# TASK BRIEF:
Among the entries below, the lines from the one with "Case-Mate iPhone Case" up to and including the one with "Great Mozart Singers, Vol." are to be restated exactly, without pictures.

Top of DATA EXCERPTS

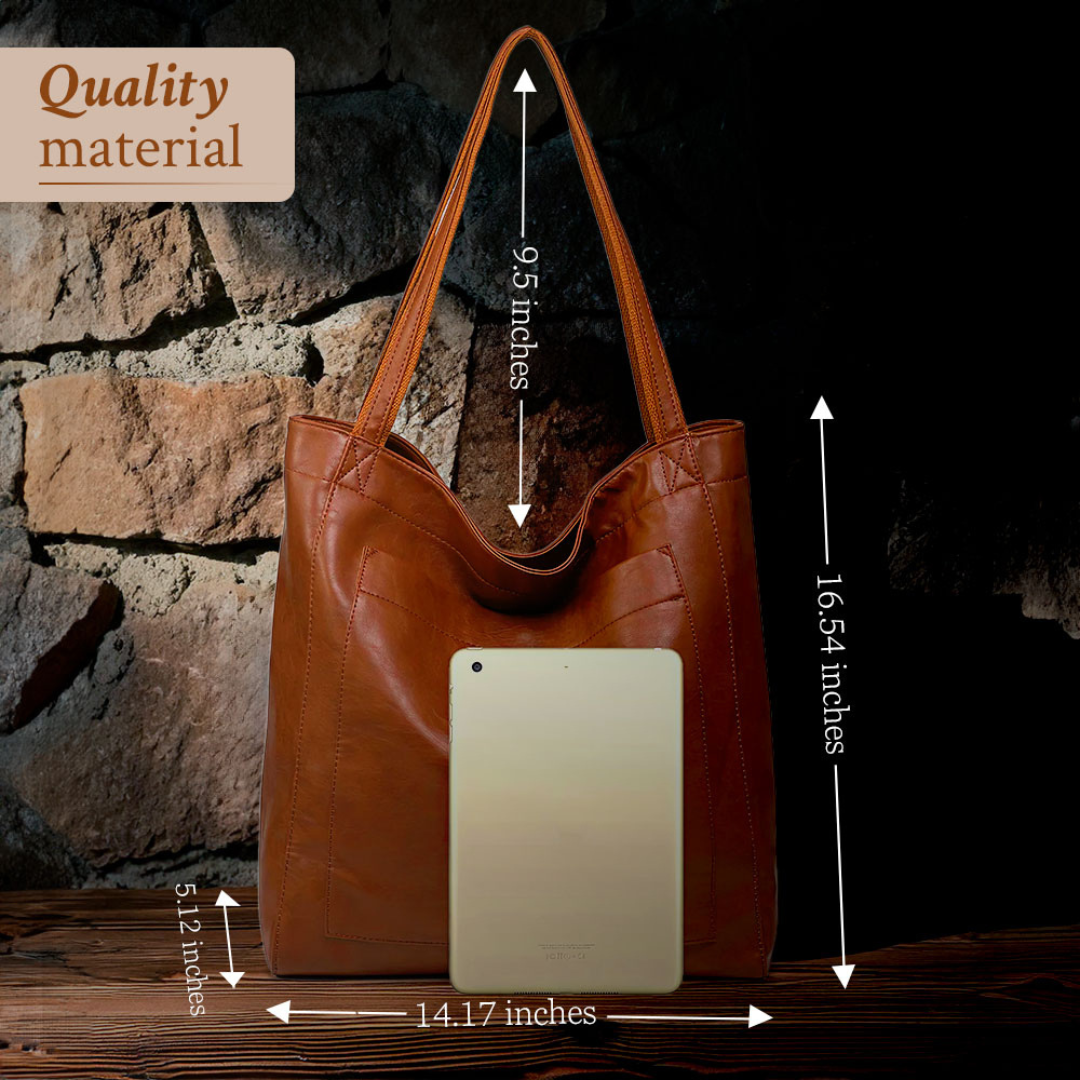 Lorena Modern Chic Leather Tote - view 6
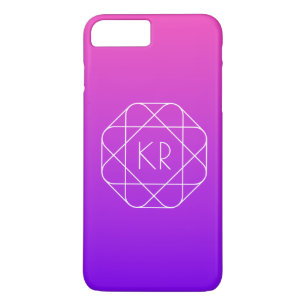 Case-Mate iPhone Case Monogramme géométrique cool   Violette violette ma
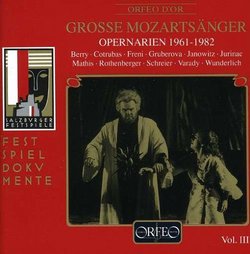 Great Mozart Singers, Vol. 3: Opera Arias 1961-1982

Bottom of DATA EXCERPTS
Top of DATA EXCERPTS

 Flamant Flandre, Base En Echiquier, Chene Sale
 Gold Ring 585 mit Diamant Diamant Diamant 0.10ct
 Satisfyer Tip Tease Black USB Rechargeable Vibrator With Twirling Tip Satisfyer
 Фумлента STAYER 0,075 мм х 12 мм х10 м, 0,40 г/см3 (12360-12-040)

Bottom of DATA EXCERPTS
Top of DATA EXCERPTS

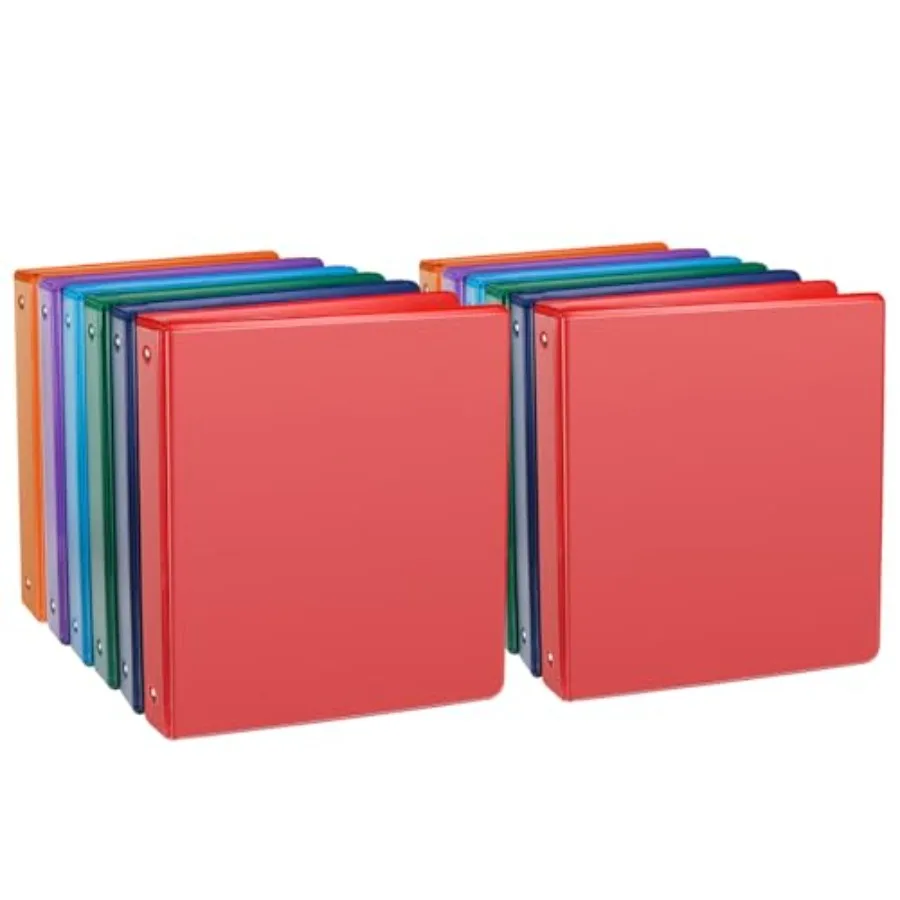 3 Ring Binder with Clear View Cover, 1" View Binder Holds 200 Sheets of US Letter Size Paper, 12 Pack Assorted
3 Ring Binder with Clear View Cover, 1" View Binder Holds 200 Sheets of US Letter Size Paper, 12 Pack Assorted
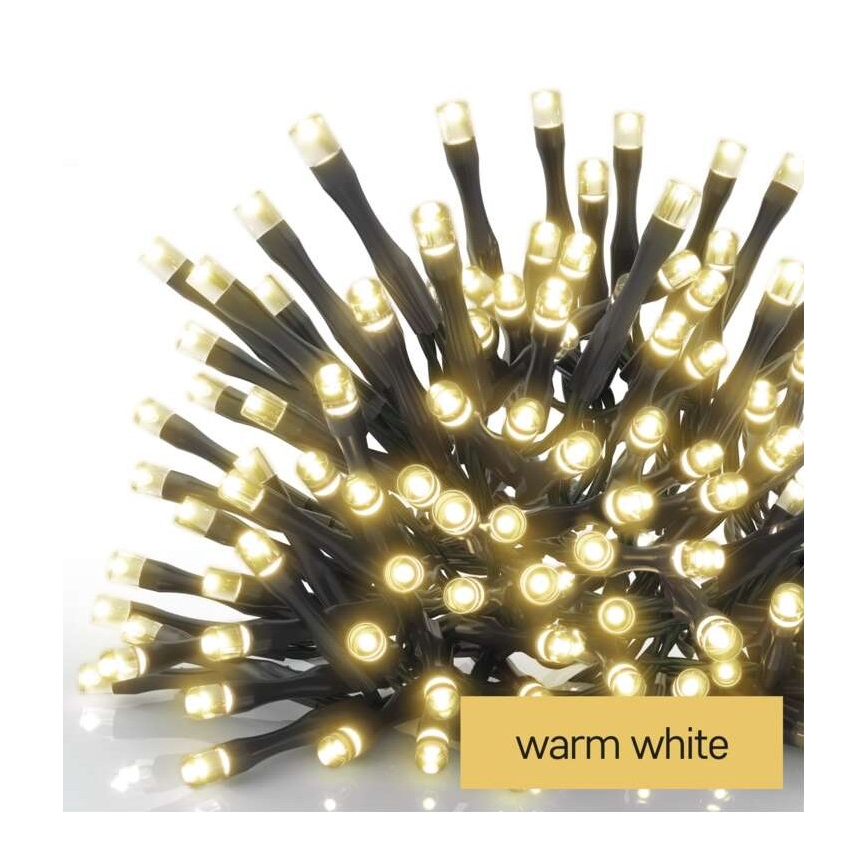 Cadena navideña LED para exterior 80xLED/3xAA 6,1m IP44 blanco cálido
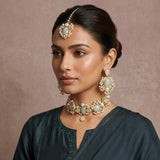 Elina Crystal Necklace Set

Bottom of DATA EXCERPTS

# SOLVED PROBLEM:
 Case-Mate iPhone Case Monogramme géométrique cool   Violette violette ma
 Great Mozart Singers, Vol. 3: Opera Arias 1961-1982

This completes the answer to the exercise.